Collected data:

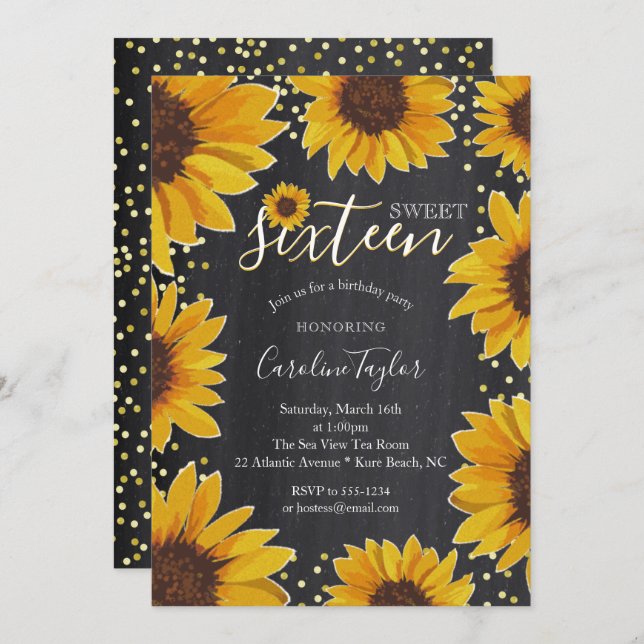 Sunflower Sweet 16 Birthday Chalkboard Invitation (Front/Back)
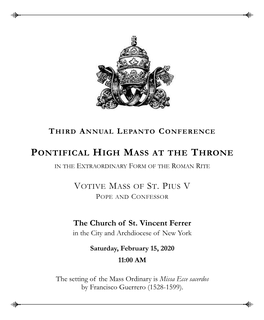 PONTIFICAL HIGH MASS at the THRONE the Church of St. Vincent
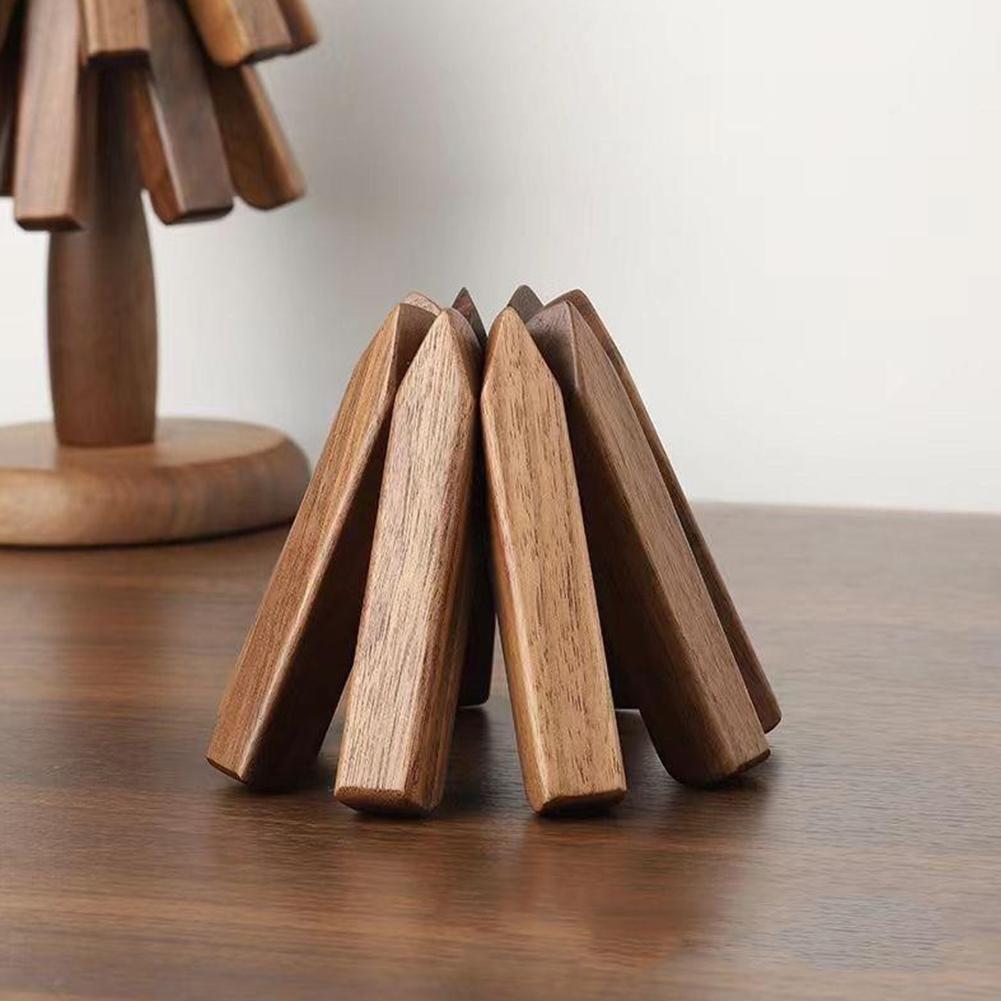 Tree Design Stand Wooden Trivets Non-Slip Decorative Anti Scald Heat Resistant Table Mat Wood Table Mat for Hot Dishes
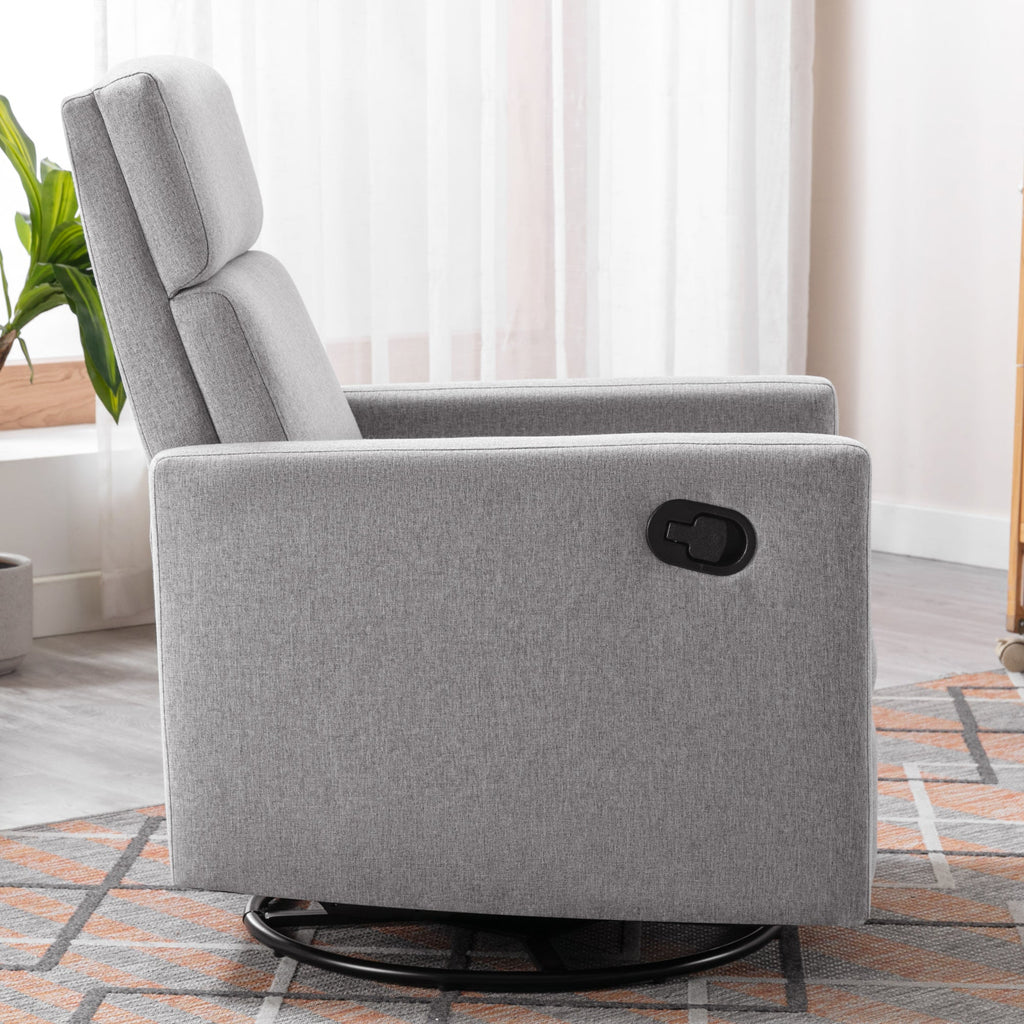 Modern Upholstered Swivel Glider Rocker Recliner – Gray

Problem details: Would you repeat the listing word for word and skip every picture?

Solution to this task:
 Sunflower Sweet 16 Birthday Chalkboard Invitation (Front/Back)
 PONTIFICAL HIGH MASS at the THRONE the Church of St. Vincent
 Tree Design Stand Wooden Trivets Non-Slip Decorative Anti Scald Heat Resistant Table Mat Wood Table Mat for Hot Dishes
 Modern Upholstered Swivel Glider Rocker Recliner – Gray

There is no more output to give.